The Far Country

Moving is, to put it mildly, a royal pain in the rear. You attempt to pack all your belongings, many of which fit in boxes and many of which don’t. You end up with tons of boxes, a bunch of furniture and a few awkward piles that you don’t know what to do with until they finally just get thrown on the moving truck and then unloaded into new awkward piles that may or may not be put away in the next several months.

You also realize how much stuff you actually have. How did this happen? We got rid of so much as we packed, and it still overwhelms. Do all our kids really need beds? Most of them still get excited about sleeping on the floor. Maybe we should make that permanent.

This is not meant to complain – in this case, moving means a bigger house with more room for the growing munchkins. (Growing up, not growing in number. That ship has sailed.) This is just the way the process works. Every stage seems impossible – you really think you might not make it through – until you reach the next impossible stage: finding a house, selling your house, packing, loading, unloading, unpacking.

And when you move in while you are still doing renovations, things get even hairier. You’re trying to only live in a few rooms, and nothing is in its right place. How am I supposed to know where your clean underwear is, kid? I don’t even know where the dirty ones are. I don’t know where food and silverware and last night’s homework are hiding. I don’t know where you’re supposed to put that Lego creation you somehow just made. No, the wi-fi is not working yet. The tv isn’t hooked up either. Don’t step in that paint can! I know you’re tired. I know you’re frustrated. Me too, kid, me too.

When every waking moment is harried and you don’t know where to turn and your baby is screaming and you can’t find the box with your pants (because you really should wear pants to work) and you’ve just snapped at your kids (again) because they happened to voice the same frustration you’re battling, it’s hard.
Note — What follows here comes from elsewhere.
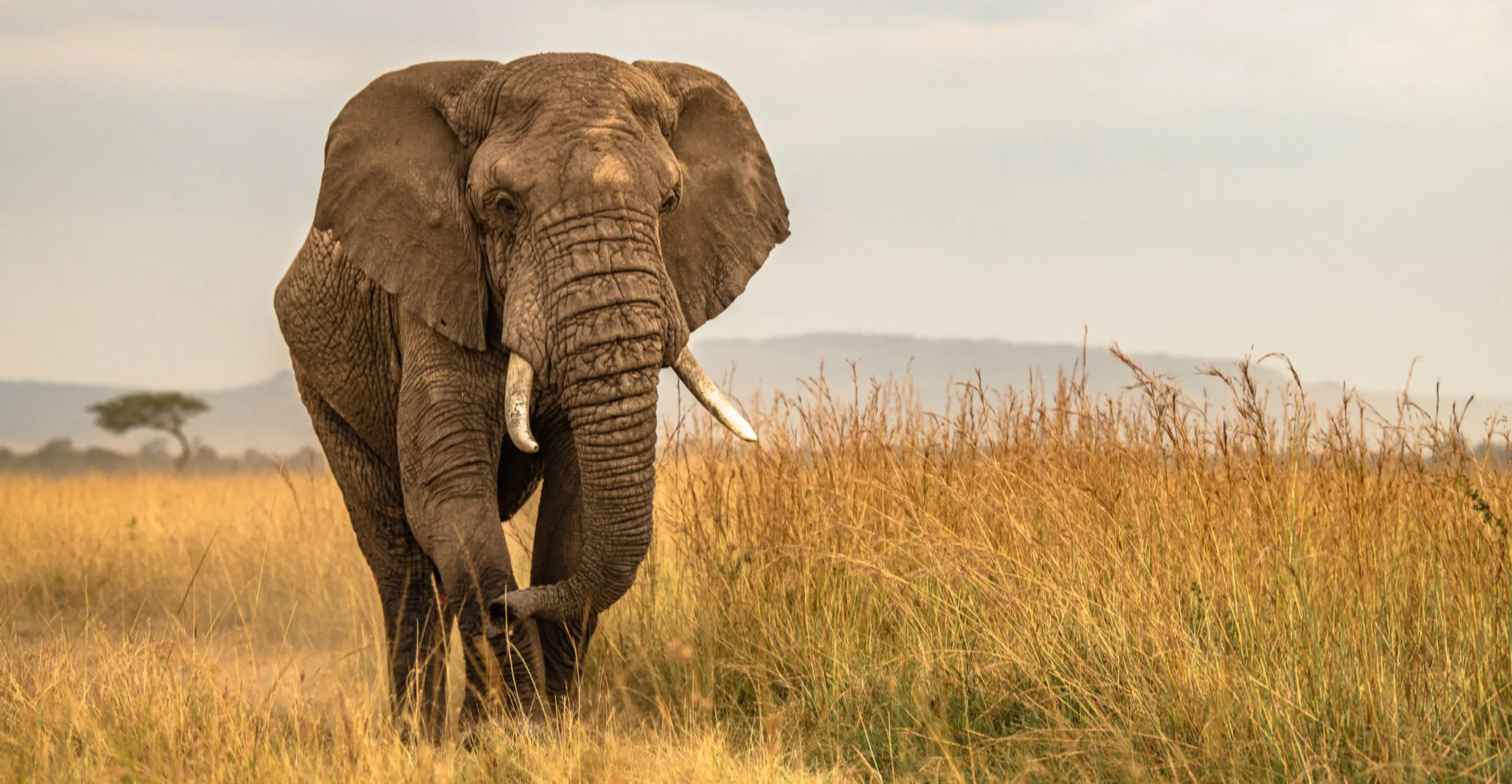 Wildlife Photography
Being unsettled is, well, unsettling.

Maybe home is more important than we think it is. The normal, everyday grind of living can sometimes wear on us and make us tired and whiny. The truth is that this normal everydayness is our life, and we don’t realize it until we don’t have it. I just want to know where to set my keys when I walk in the door. I want to not have to dig through boxes to find a pan or the iron (still not located) or paper towels. I want to know where my kids’ toothbrushes are. I want to cook a regular dinner and sit around the table with my family. I want to be home.

God created us with a sense of belonging. When that need is not fulfilled, we struggle. I cannot wait until we are settled in this house – and right now, it’s just a house. It’s not our home yet, although I can see glimpses that it will be a wonderful place we will fill with memories and joy.

This world is not our home either, and while we can make a place here, something tells us it’s not quite right. There’s too much sin, too much pain, too much evil, too much mess. Deep down, we are unsettled because we are made for more. The far country beckons, a world that is beyond imagining and yet somehow closer and more real than we know. The longer we live, the more it calls to us. We are welcome there, if we come by faith in the One who left his eternal home for this world where he did not have a home.

While we wait, let’s make our homes on Earth full of light and love and hope so that those who visit them will feel the winds of heaven on their face and want to know more about the place where morning will gather forever as we gaze upon the King in his beauty.

Our family will get right on that – as soon as we find our light bulbs.